Schwäbische Zeitung (Alb-Donau)
Mit Most das Feuer gelöscht
Kuh an ihrem Platz mitten in den Trümmern des abgebrannten Stalles stehen geblieben
WESTERHEIM (sz) - Die inzwischen verstorbene Paula Wiedmann hat die Schrecken des 21. April 1945 miterlebt und vor Jahren ihre Erlebnisse niedergeschrieben:
„In der Kirche hörte ich die ersten Explosionen. Ich schnappte meine kleine Schwester. Wir rannten durch den Südausgang. Die Schwester verlor ihr Gebetbuch, wollte zurück, ich riss sie aber mit mir fort in das nächste Haus am Kirchplatz und dort in den Keller. Später suchten wir Unterschlupf beim „Steigbauer“. Der hatte oben im Haus eine frisch geschlachtete Sau hängen, im Keller hing eine zweite. Im Keller waren bereits viele Leute untergebracht. Auf dem Sofa lag ein verletzter Bub.

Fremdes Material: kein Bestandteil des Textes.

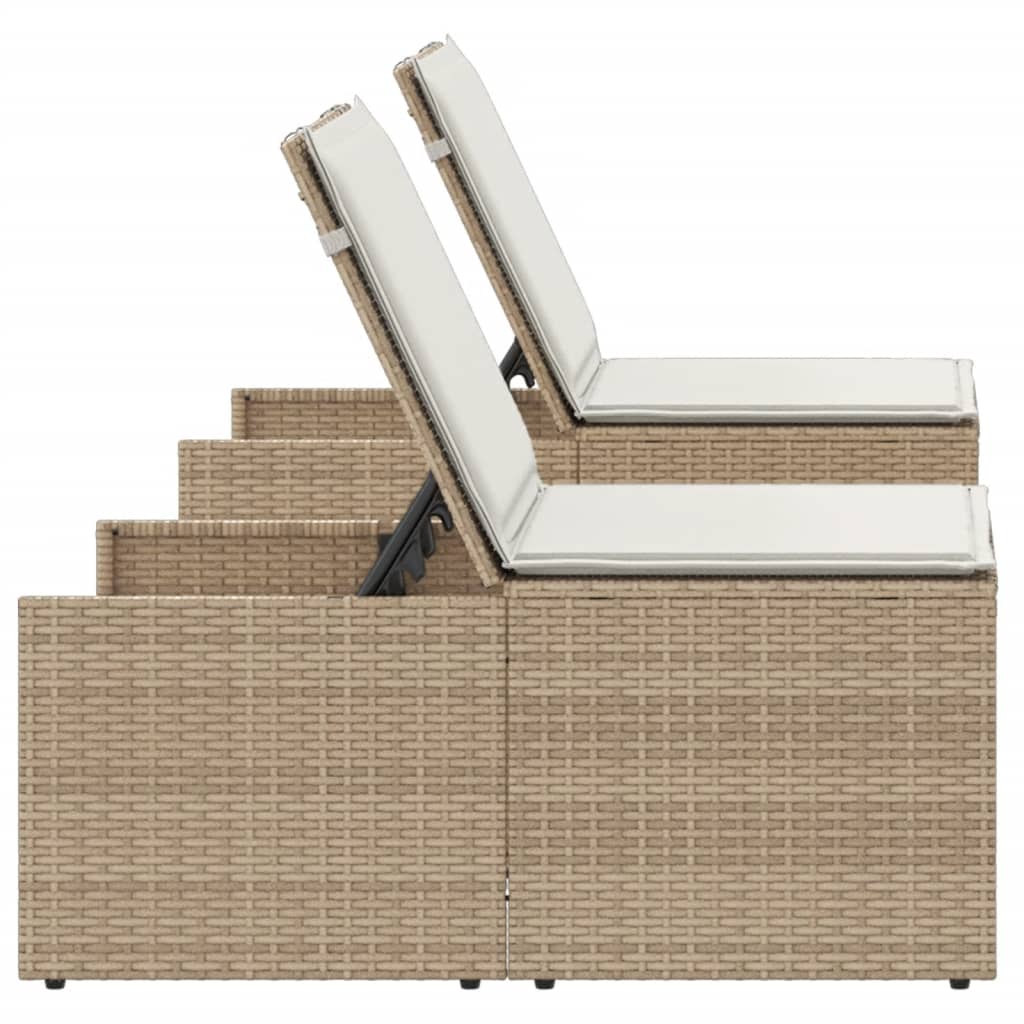 Lettini Prendisole 2 pz con Tavolino Beige in Polyrattan - homemem39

In der Nacht beobachteten wir, wie sich deutsche Soldaten hinter den Hecken Richtung Dorf auf den Weg machten. Weil wir nicht wussten, was das zu bedeuten hat und ob es nicht vielleicht einen Gegenangriff der Deutschen geben könnte, blieben wir nicht da, sondern gingen in einen nahe gelegenen Wald. Mein Vater brachte in einem Wagen Bettzeug dahin. Er erzählte, der Stall und die Scheune seien abgebrannt, aber die vier Kühe gerettet und im Wald.

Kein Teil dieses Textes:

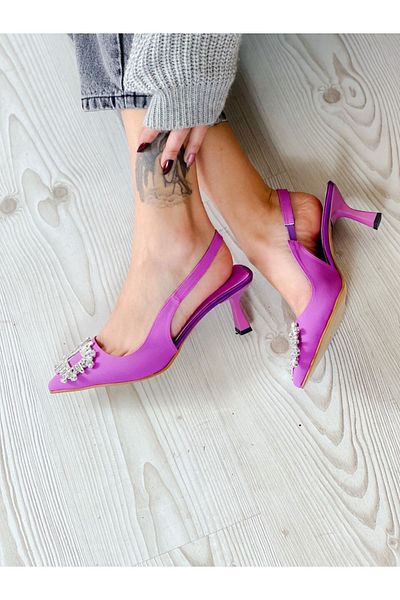 irmona Zarry Purple Stone Heeled Shoes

Später erfuhr ich, dass meine größere Schwester im Haus geblieben war. Als unsere Scheune brannte, fing auch das Wohnhaus an zu brennen. Sie versuchte es mit unserem polnischen Fremdarbeiter zu löschen. Er half ihr sehr, wie ich später erfuhr. Weil kein Wasser mehr verfügbar war, löschten die beiden es mit Most aus dem Keller. So blieb wenigstens unser Haus stehen und wir hatten ein Dach über dem Kopf. Als wir uns am Sonntag wieder zurück trauten, stand eine unserer vielen Kühe an ihrem Platz mitten in den Trümmern des abgebrannten Stalles.